---------- Dataset excerpt

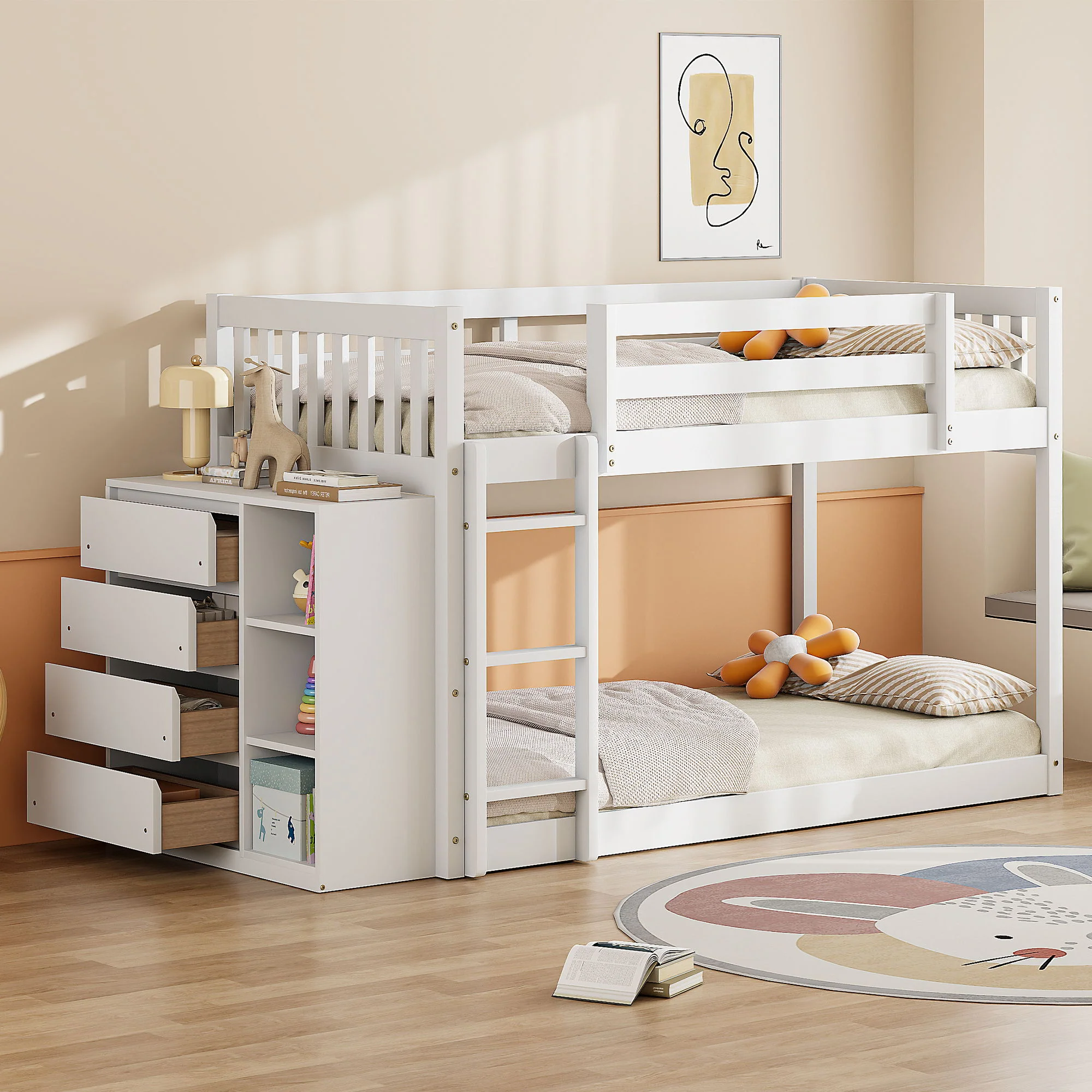 Bunk Bed With 4 Drawers And 3 Shelves - Image 13
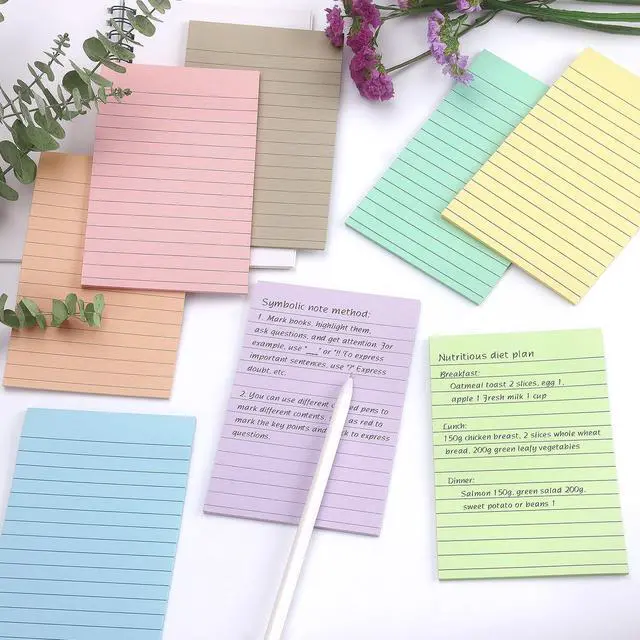 Alt view image 7 of 7 - Lined Sticky Notes, 4x6 in, 8 Pack, Light Colors, Self-Adhesive Notepads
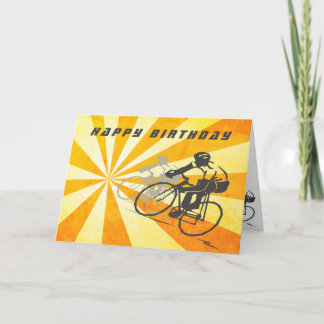 Carte Cyclistes routiers avec Retro Sunburst Bike Annive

--------------------

#### Task prompt:
Give back the material above exactly, but without its images.

#### Completed exercise:
 Bunk Bed With 4 Drawers And 3 Shelves - Image 13
 Alt view image 7 of 7 - Lined Sticky Notes, 4x6 in, 8 Pack, Light Colors, Self-Adhesive Notepads
 Carte Cyclistes routiers avec Retro Sunburst Bike Annive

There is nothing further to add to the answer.